*** Opening of INFORMATION PROVIDED ***

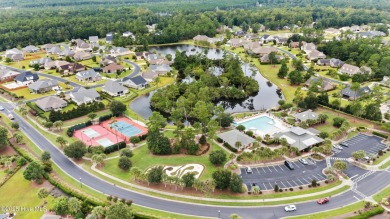 Discover the epitome of luxury living in this stunning end-unit on Lennon Hills Golf Course in North Carolina - for sale on GolfHomes.com, golf home, golf lot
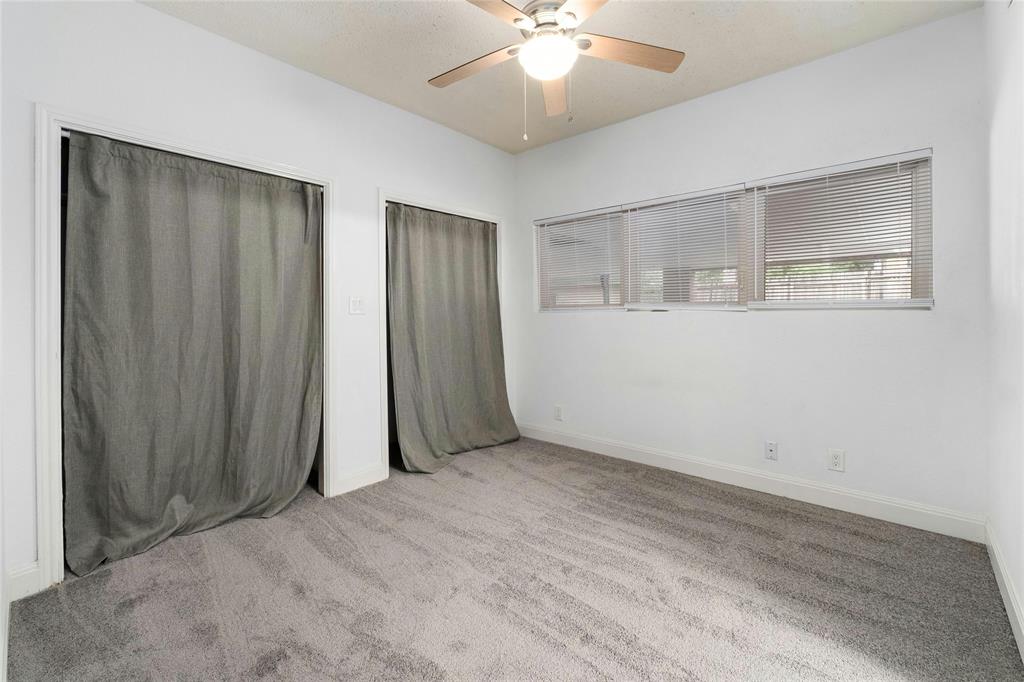1910 Robbins Place, Unit 103 Austin, TX 78705 - Photo 10 of 16 Bedroom with two closets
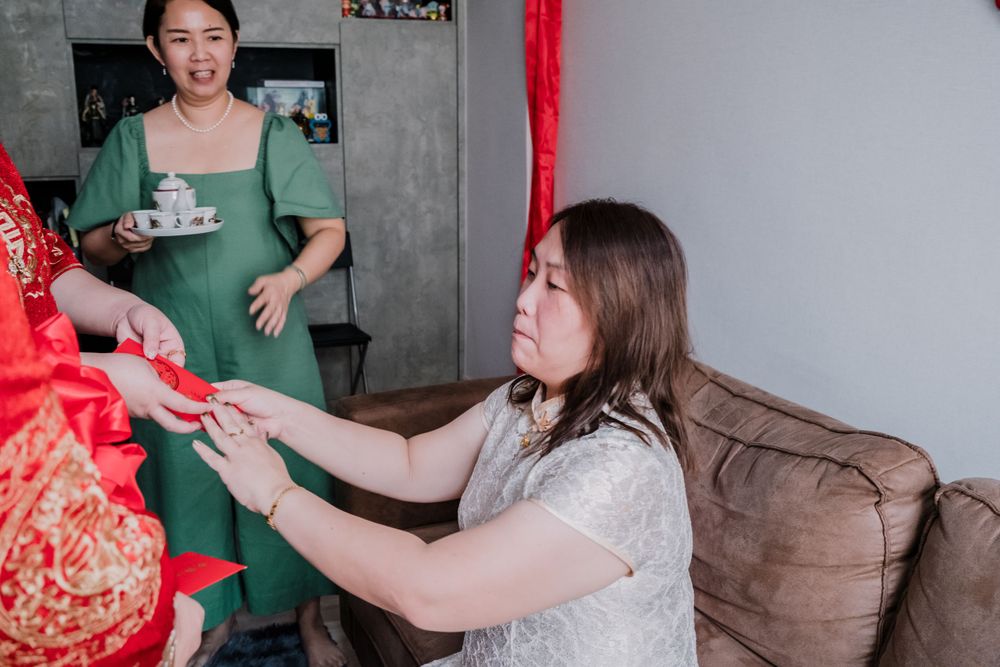 A guest receives a red envelope during a traditional Chinese celebration.
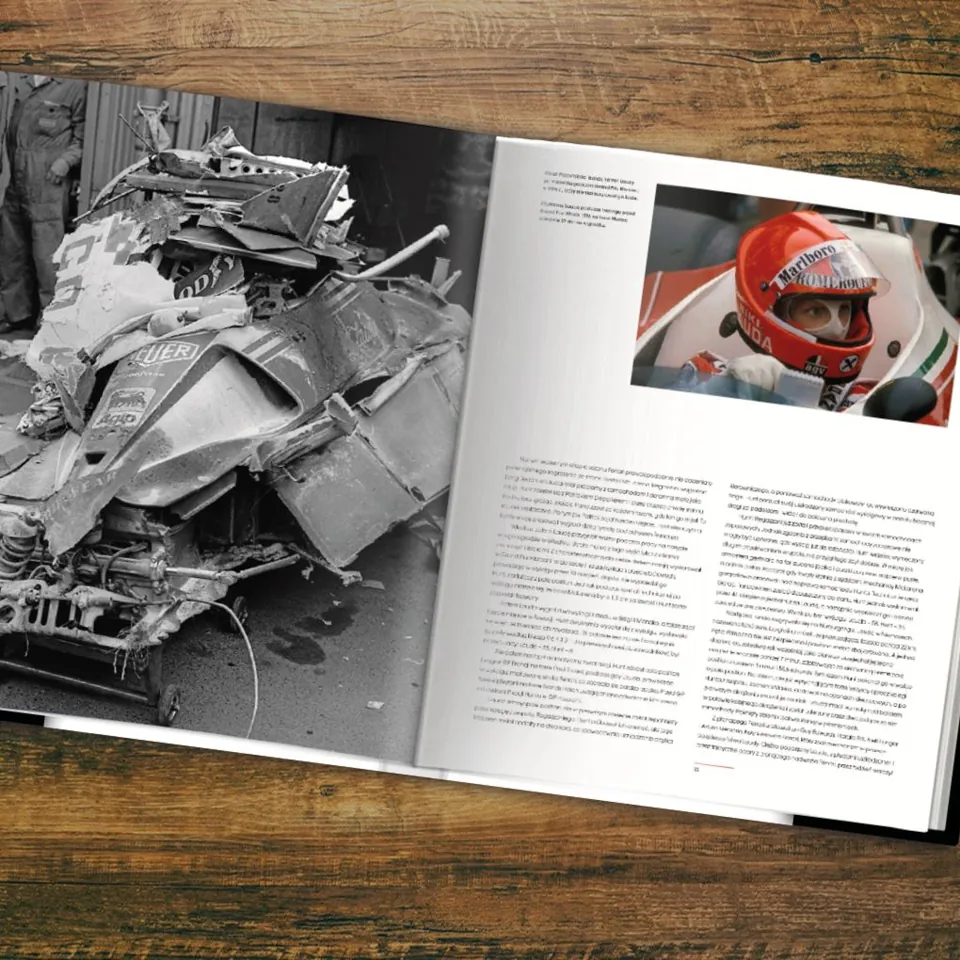 Open book on a wooden surface showing a damaged racing car on the left page and a driver wearing a helmet on the right page.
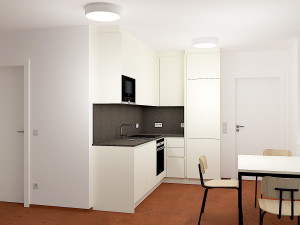 Abbildung eines Vorraums mit Küche und Sitzgelegenheit im neuen ÖJAB-Haus Remise, Jugendwohnheim in Wien-Meidling.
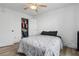 Clean bedroom with a ceiling fan, closet, light hardwood floors and a neutral color palette at 1657 Bradmere Ln, Lithia Springs, GA 30122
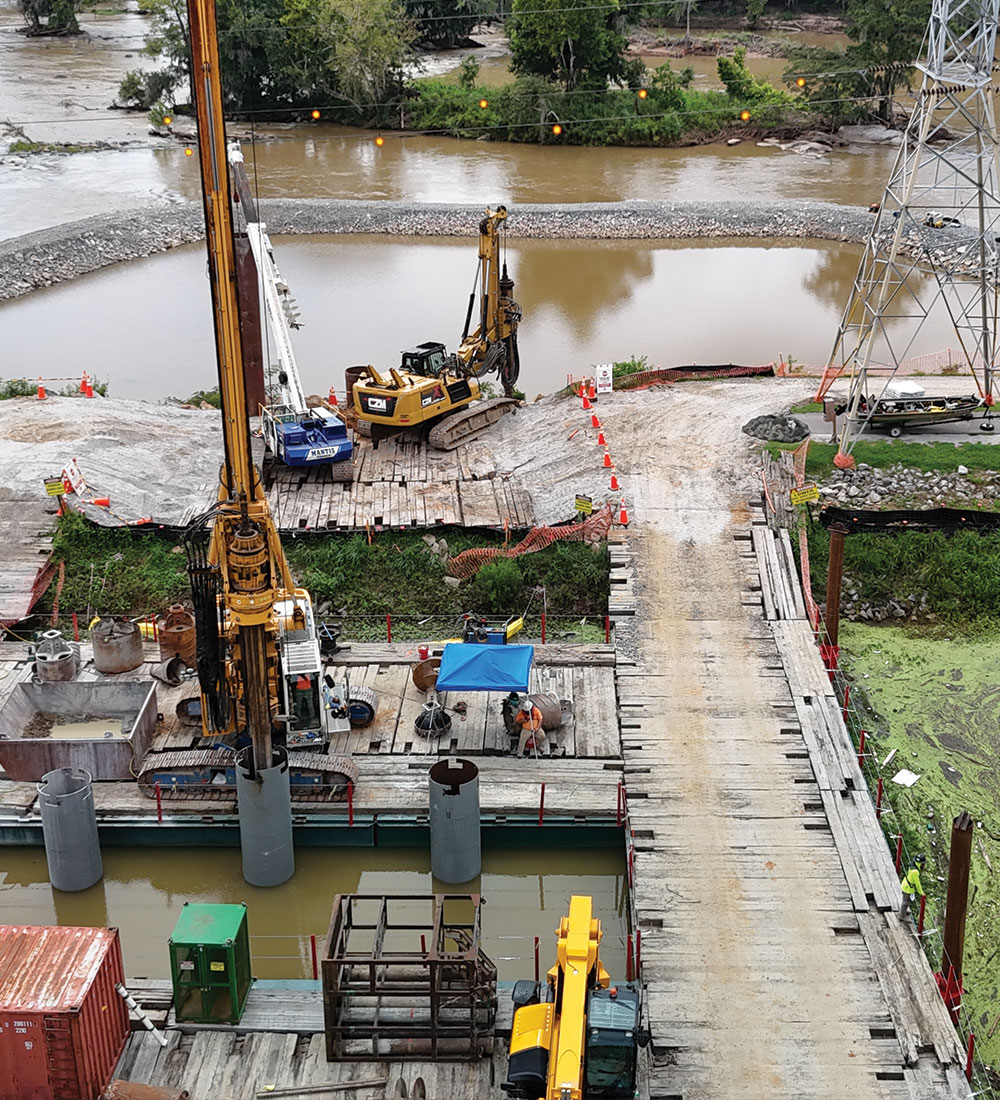 Obra junto a la orilla del río con maquinaria, trabajadores, taladros y una pasarela de madera.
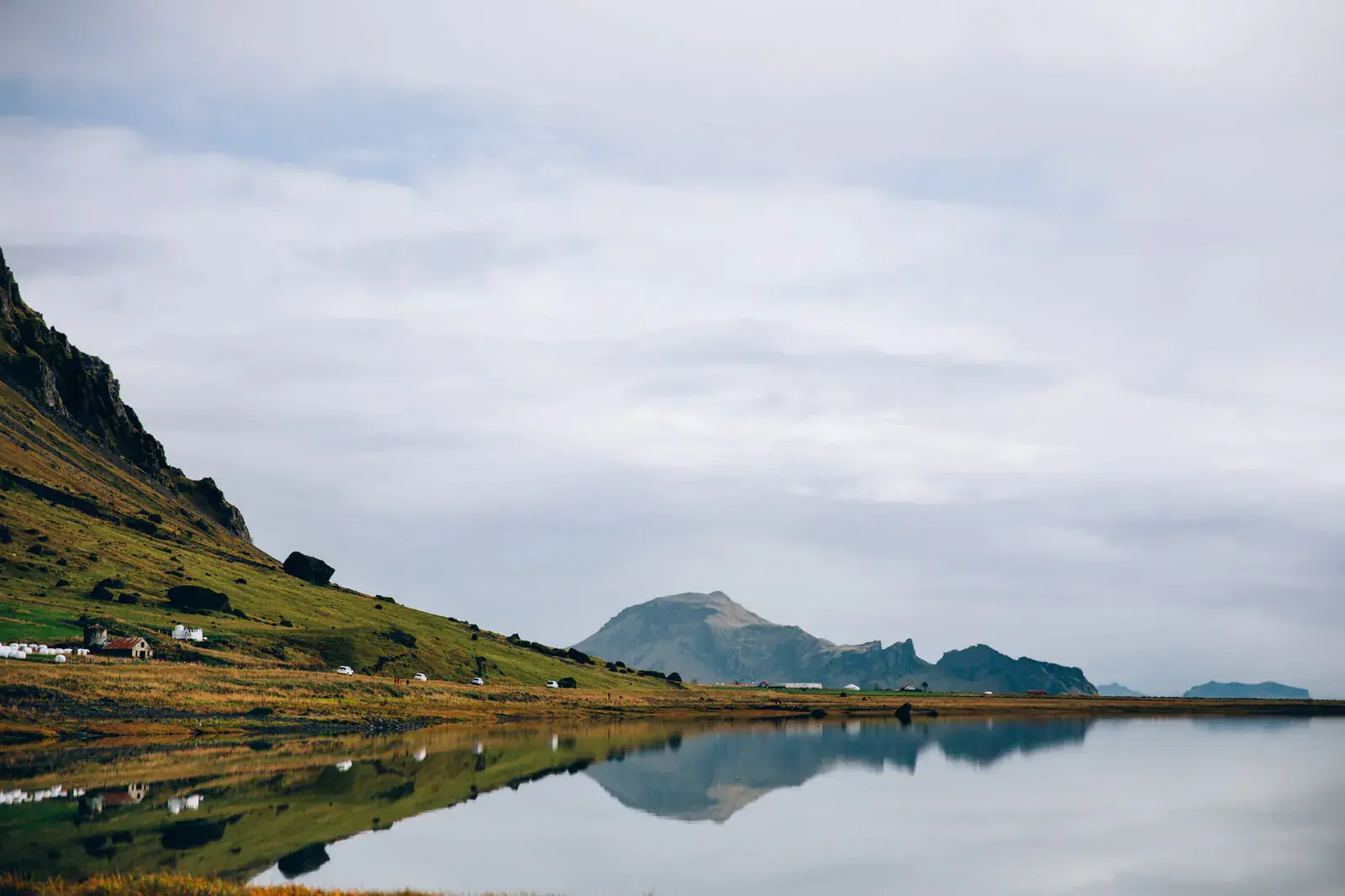 Green hills mirrored in a still lake under grey cloud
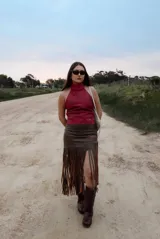 Pollera midi de cuero marrón con diseño asimétrico y flecos largos que aportan movimiento y textura.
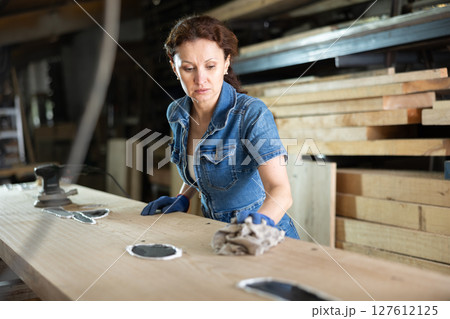 During manufacturing, woman employee grinds surface of wooden board, gives smoothness to surface 127612125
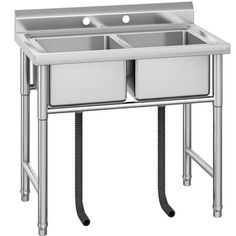 two compartment stainless steel kitchen sink with drainer and faucet, on legs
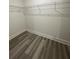 View of an empty closet with metal shelving and wood-look floors at 871 City Walk Ln # B-1, Oviedo, FL 32765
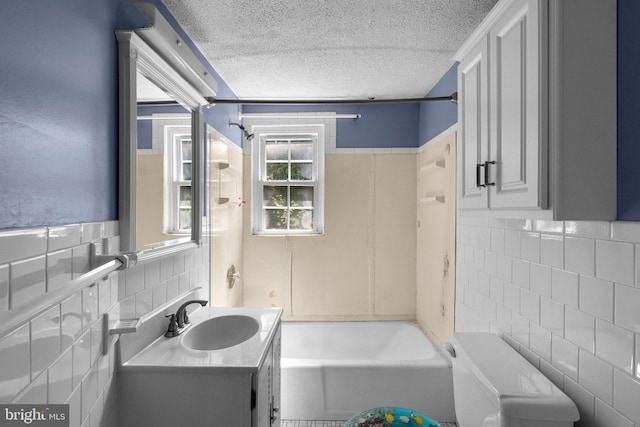 bathroom featuring bathtub / shower combination, vanity, a textured ceiling, tile walls, and tasteful backsplash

*** Close of INFORMATION PROVIDED ***

BRIEF: Return the stretch of data that begins with the line showing "Open book on" and goes on through the line showing "Abbildung eines Vorraums", exactly, with pictures removed.

WRITTEN RESPONSE:
 Open book on a wooden surface showing a damaged racing car on the left page and a driver wearing a helmet on the right page.
 Abbildung eines Vorraums mit Küche und Sitzgelegenheit im neuen ÖJAB-Haus Remise, Jugendwohnheim in Wien-Meidling.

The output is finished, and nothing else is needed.